No man is an island though, so the big news stories inevitably enter my radar. Donald Trump, I hear, has been saying and doing lots of absurd things, stopping Hillary Clinton from saying and doing a whole other set of absurd things. The liberals, centre-lefties and greens, I’m told, are getting very upset about Brexit, putting it all down to racism and xenophobia – which I’m sure some of it is – forgetting the old adage that “small is beautiful” and silly unfashionable ideas such as localism. I’ve heard on the grapevine that everyone’s been getting hot and bothered about a big, very important election, where one group of people you wouldn’t trust to babysit your kids took on a handful of other people you wouldn’t trust to look after your dog.

Sometimes I unwillingly stumble across news items when starting the fire. The Daily Mail, incidentally, makes great tinder. I often find a copy lurking in a recycling bin, and take it out to burn on the basis that its contents have probably already been recycled enough.
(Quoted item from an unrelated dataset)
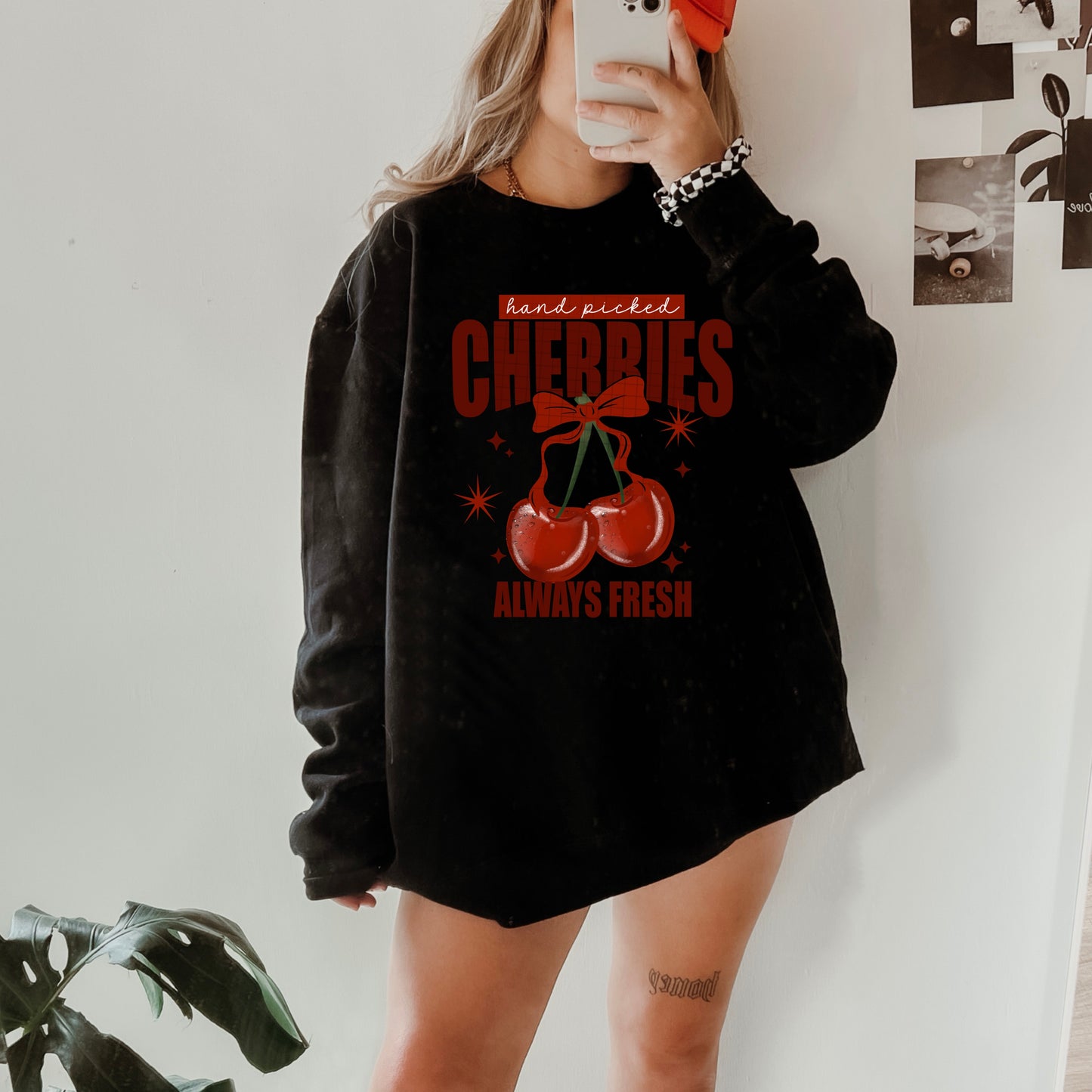 Hand Picked Cherries DTF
The edition I tore some sheets from this morning appears to be full of people trying to be famous for 15 minutes and not, as the Pulitzer prize-winning poet Gary Snyder recommended, for 15 miles.
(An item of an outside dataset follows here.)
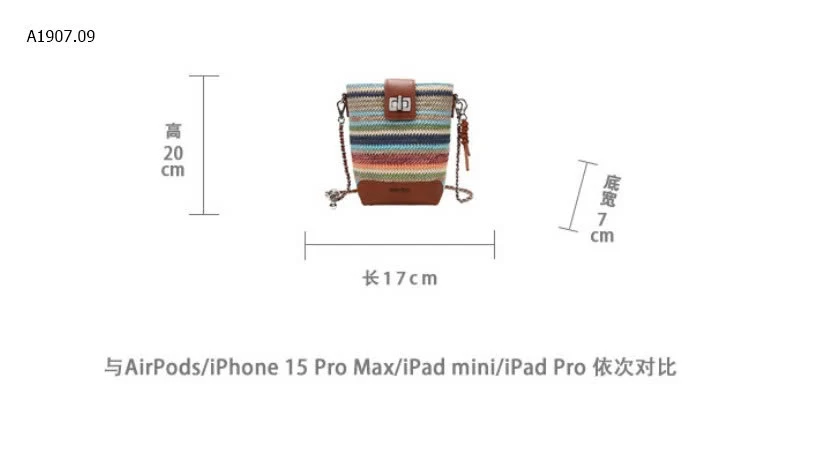 TÚI ĐEO CHÉO DÂY TẾT CHI02nd -sỉ 240k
Friends have told me they think it’s irresponsible not to keep up with world affairs – what’s happening with the Syrian refugee crisis, the escalation of words between the US and North Korea (or somewhere else by the time this is published), or any of the countless ecological crises afflicting the world. Unless we do, they say, we cannot respond appropriately. I understand their perspective, and perhaps they are right, but the world is not going to shift for the lack of news these days.

pine marten
 ‘On my way home I saw a pine marten shoot into the woods.’ Photograph: Anne-Marie Kalus/Heritage Lottery/PA

Yesterday evening I watched two ant nations warring to death, while I sat above them drinking a glass of wine as the sun went down. On my way to the post office this morning I called in to a neighbour, to see if he needed anything. It was really an excuse to see how he was, as I know he suffers from mild depression from time to time. He told me he was fine for everything, and we chin-wagged for a while. A bit further on, I bumped into another neighbour whose car had broken down, and as we scratched our chins thinking what to do about it, he told me that an old boy I knew had just died. At the post office I overheard two farmers talking about the impact of Brexit on their livelihoods. They disagreed, but they were both laughing. On my way home I found a dead fox on the road, and noticed a pine marten shoot into the woods, off to terrorise some creature that had no idea that this would be its last day of life.

I won’t ever get to read my own online articles – I have to trust my editor, and do – but I do read the selected comments he sends me. Some raise important, interesting points. I ought to respond to a few of the more thoughtful ones.

Vegangirl, from Anonymia, says: “But you can’t live without killing, eating, wearing and using animals. Perhaps you haven’t given that much thought, or perhaps you are not empathetic to the plight of animals and believe they are created for our use.”

Thanks, Vegangirl. I was vegan for 13 years, and detest what we’re doing to the non-human world. But avocados, tempeh and cacao nibs, shipped all over the world using fossil fuels and intensive (or even extensive) agriculture, are not vegan. Shoes made from factory-produced synthetic materials are not vegan. Vitamin pills in little plastic tubs are not vegan. Anything industrial, including industrial agriculture, is not vegan as industrialism is wiping out much of life on Earth.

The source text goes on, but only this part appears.